Ingredients
Makes: crab cakes Update
CRAB CAKES:
1/3 cup mayonnaise (preferably flavored with olive oil)
2 tablespoons Dijon mustard
zest of 1 lemon
1 teaspoon Old Bay seasoning
1 tablespoon chopped fresh parsley leaves
2 scallions, finely chopped
1 large egg
1 pound lump crabmeat
kosher salt and freshly ground black pepper to taste
1 cup bread crumbs
LEMON MUSTARD SAUCE:
1/2 cup mayonnaise
juice of 1 lemon
2 tablespoons Dijon mustard
1 tablespoon chopped fresh parsley
Directions
Gather the following tools: cutting board, chef’s knife, dry measuring cups, measuring spoons, small and large mixing bowls, rubber spatula, spoons, sheet pan, offset spatula
Preheat the oven to 400F.
In a large bowl, mix together mayonnaise, Dijon mustard, lemon zest, Old Bay, parsley, scallions, and egg. Add crab meat, season with salt and pepper, and stir well.

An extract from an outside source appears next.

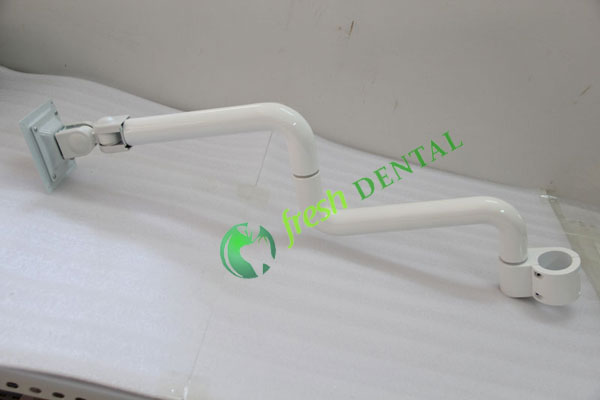 Penyangga LCD Logam Kursi Gigi - Dual Monitor Stand ulasan dan harga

Form crab cakes into a ball using about 1/4 cup of crab mixture for each cake. Dip the cakes into the breadcrumbs, flatten to about 1 inch high, and place on a lightly oiled sheet pan. Bake for 10 minutes.
While the crab cakes are baking, prepare the sauce by combining all the ingredients in a small bowl.
Serve the crab cakes with Lemon Mustard Sauce.